▶ **To do**: Print the lines below from the line with "mexican wrestling mask - The" to the line with "Akw Barre d'appui" exactly, keeping both ends, and print no pictures.

▶ **Working data**:

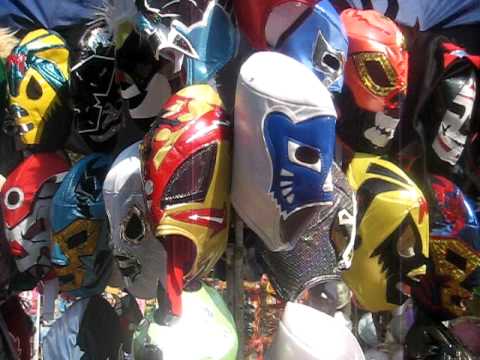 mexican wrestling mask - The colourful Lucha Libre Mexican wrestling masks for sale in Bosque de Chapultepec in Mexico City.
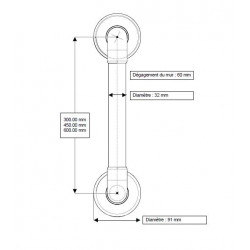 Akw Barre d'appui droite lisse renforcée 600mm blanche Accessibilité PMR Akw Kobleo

==

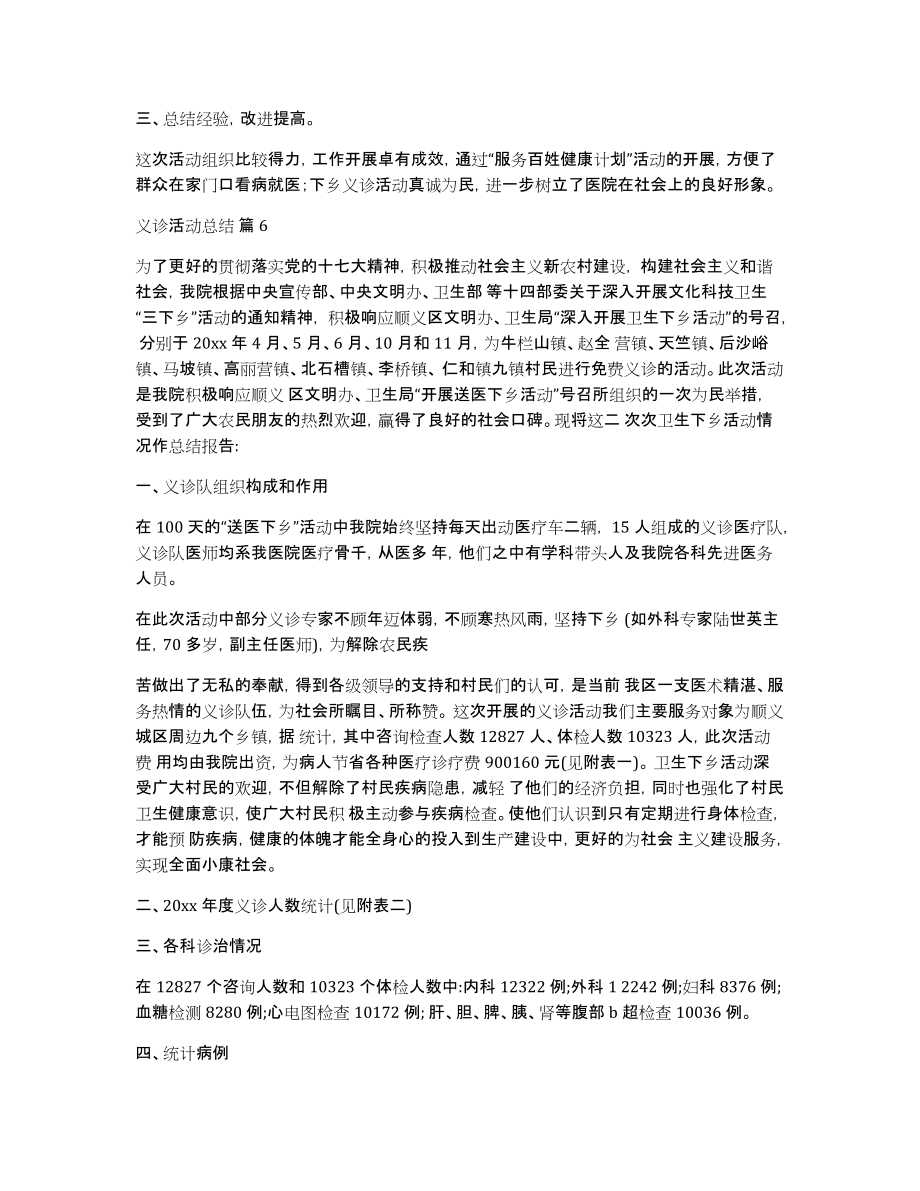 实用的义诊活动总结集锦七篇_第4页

▶ **Exercise result**:
 mexican wrestling mask - The colourful Lucha Libre Mexican wrestling masks for sale in Bosque de Chapultepec in Mexico City.
 Akw Barre d'appui droite lisse renforcée 600mm blanche Accessibilité PMR Akw Kobleo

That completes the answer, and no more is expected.